## Activity
In the entries below, begin at the line that has "画像1: 【CRACKLIMB】'17 NEWFUNK", stop after the line that has "Er stahl mein", and output those lines exactly with no pictures.
Information START
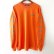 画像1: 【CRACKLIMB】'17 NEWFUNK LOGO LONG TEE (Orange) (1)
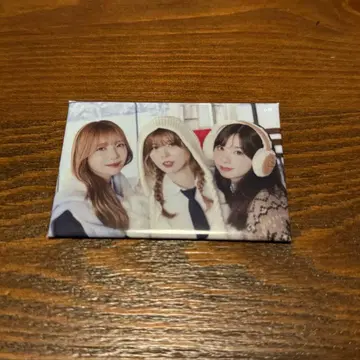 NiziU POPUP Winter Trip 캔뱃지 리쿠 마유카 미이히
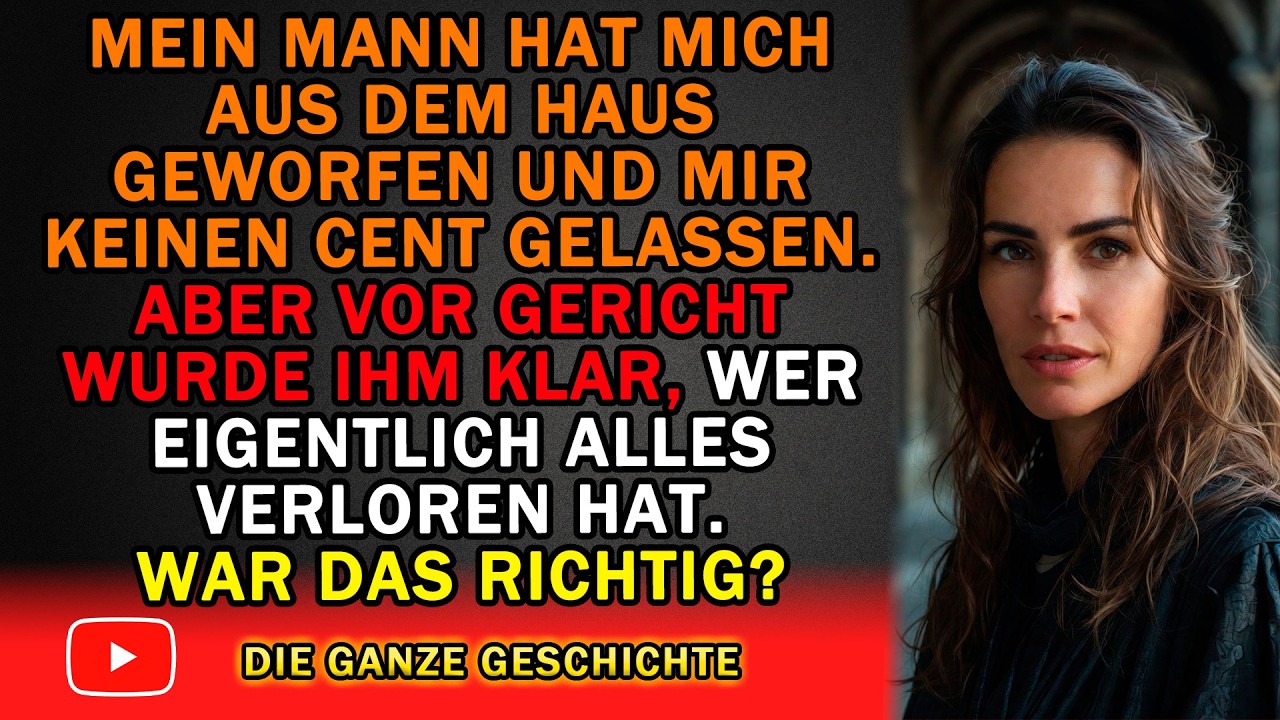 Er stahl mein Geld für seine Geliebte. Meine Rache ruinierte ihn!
Information END
Information START
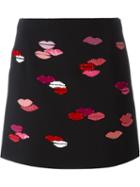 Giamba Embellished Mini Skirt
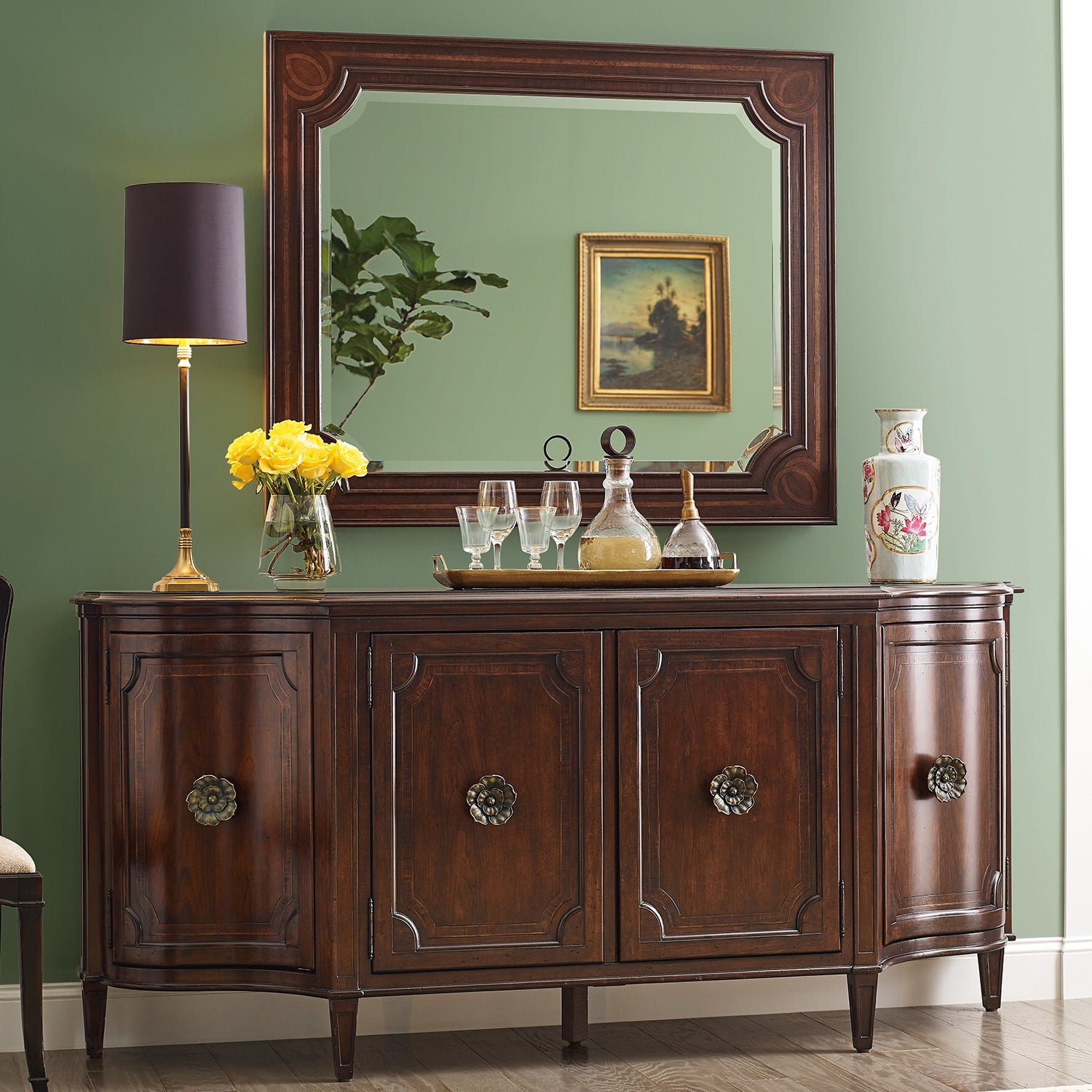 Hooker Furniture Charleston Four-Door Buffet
Information END
## Exercise answer
 画像1: 【CRACKLIMB】'17 NEWFUNK LOGO LONG TEE (Orange) (1)
 NiziU POPUP Winter Trip 캔뱃지 리쿠 마유카 미이히
 Er stahl mein Geld für seine Geliebte. Meine Rache ruinierte ihn!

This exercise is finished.